Information given ▸
******

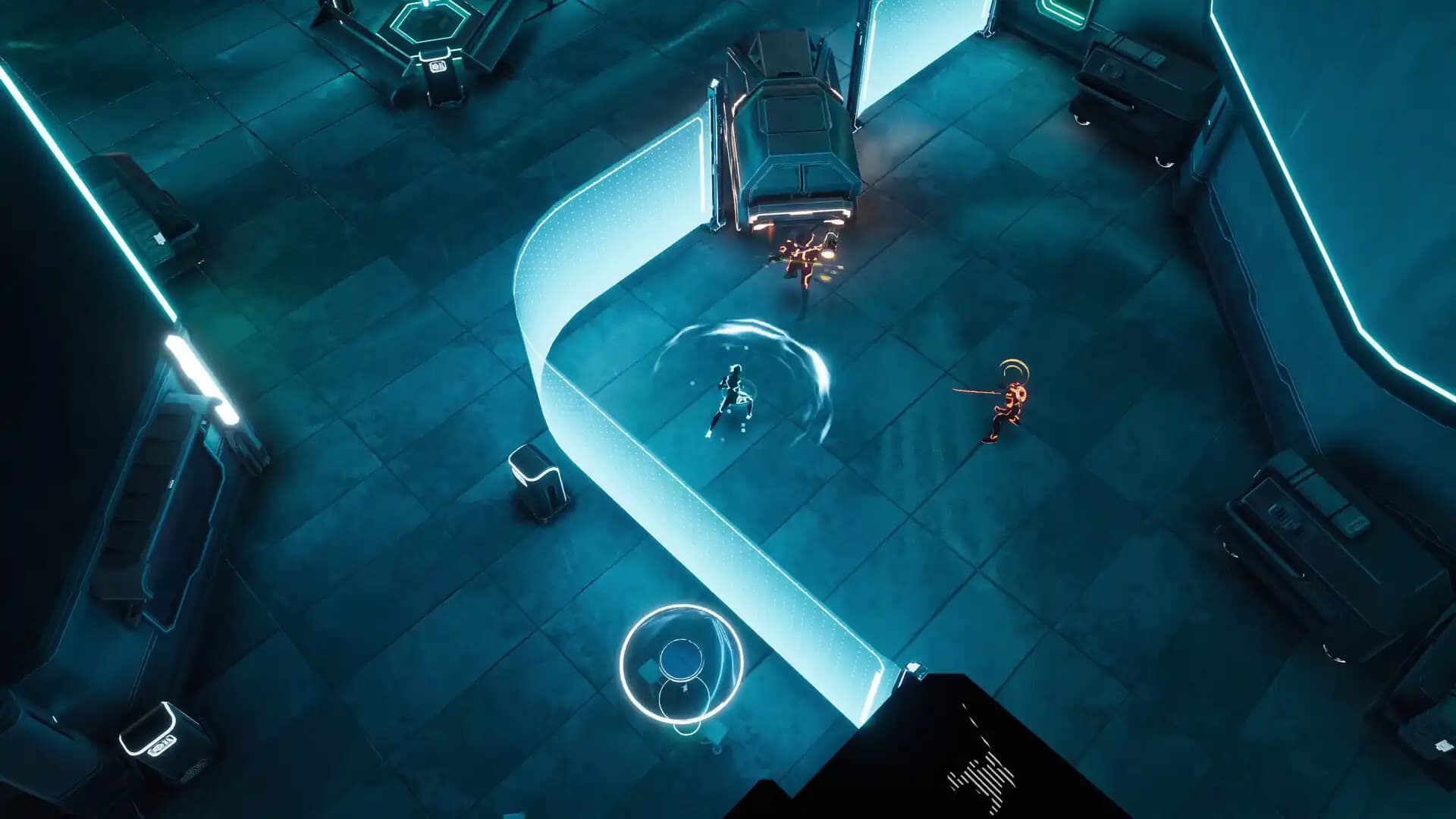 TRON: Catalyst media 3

******

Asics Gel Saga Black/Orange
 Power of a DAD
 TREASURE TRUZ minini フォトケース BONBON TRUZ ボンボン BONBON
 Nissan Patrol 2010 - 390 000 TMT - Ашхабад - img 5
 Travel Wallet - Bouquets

******

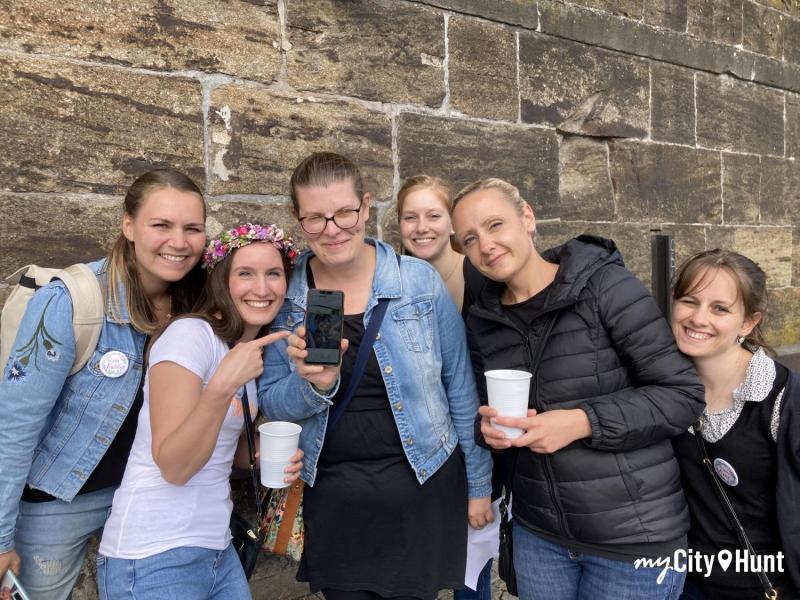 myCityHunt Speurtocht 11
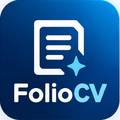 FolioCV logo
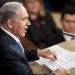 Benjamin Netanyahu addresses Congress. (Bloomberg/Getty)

******

Task to complete ▸
Take the listing above and repeat exactly the lines from the one containing "Asics Gel Saga Black/Orange" through the one containing "Travel Wallet - Bouquets", both included.

Response box ▸
Asics Gel Saga Black/Orange
 Power of a DAD
 TREASURE TRUZ minini フォトケース BONBON TRUZ ボンボン BONBON
 Nissan Patrol 2010 - 390 000 TMT - Ашхабад - img 5
 Travel Wallet - Bouquets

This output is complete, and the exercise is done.